Produce a word-for-word copy of the data that follows, excluding images.

▶ [Given material]

BEGIN

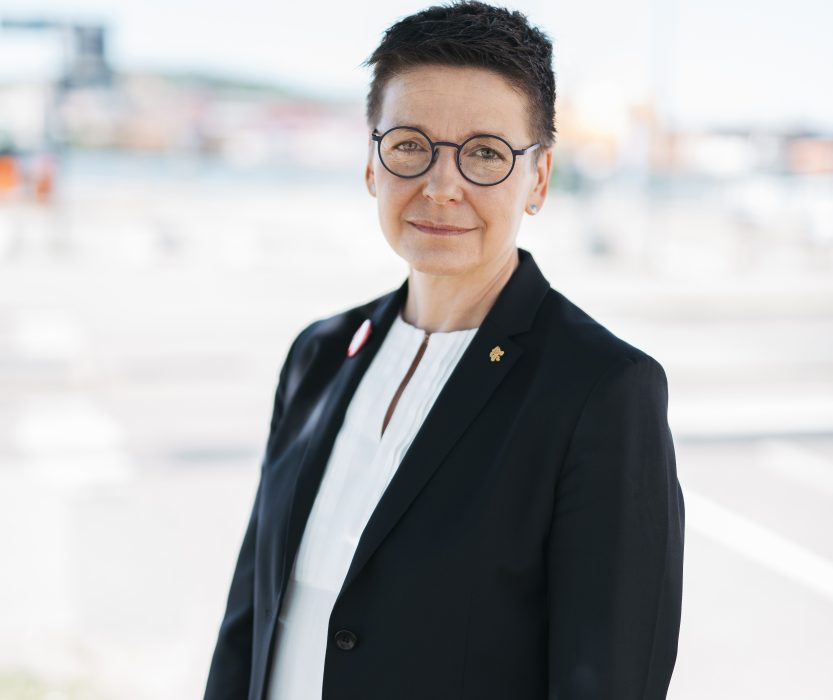 Pressbild | Ann-Sofie Hermansson, Socialdemokraterna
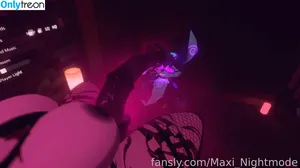 Maxi_Nightmode / nightmodevideo фото голая #0020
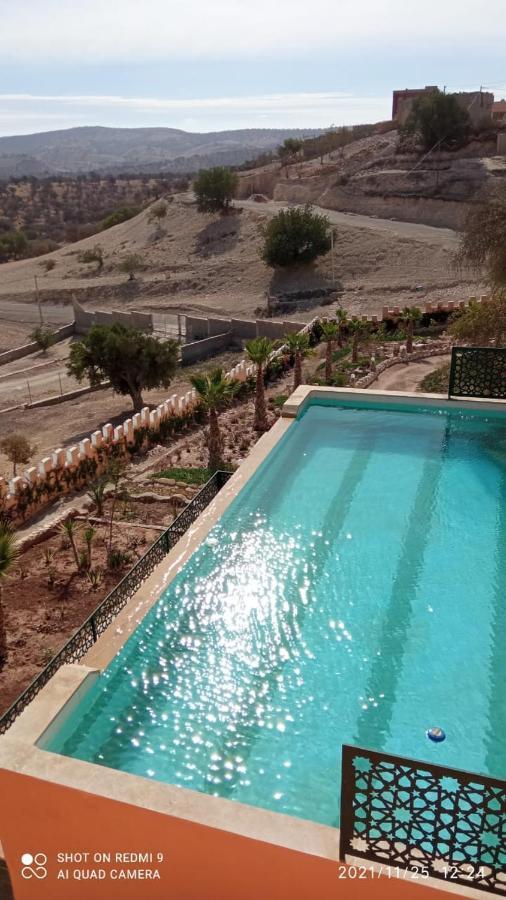 Gite Forest Kasbah Ait Melloul  Exteriér fotografie
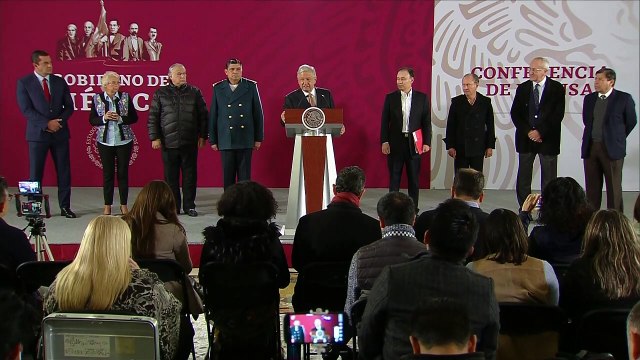 México cancela lo que queda de licitaciones petroleras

END

▶ [Task response]
 Pressbild | Ann-Sofie Hermansson, Socialdemokraterna
 Maxi_Nightmode / nightmodevideo фото голая #0020
 Gite Forest Kasbah Ait Melloul  Exteriér fotografie
 México cancela lo que queda de licitaciones petroleras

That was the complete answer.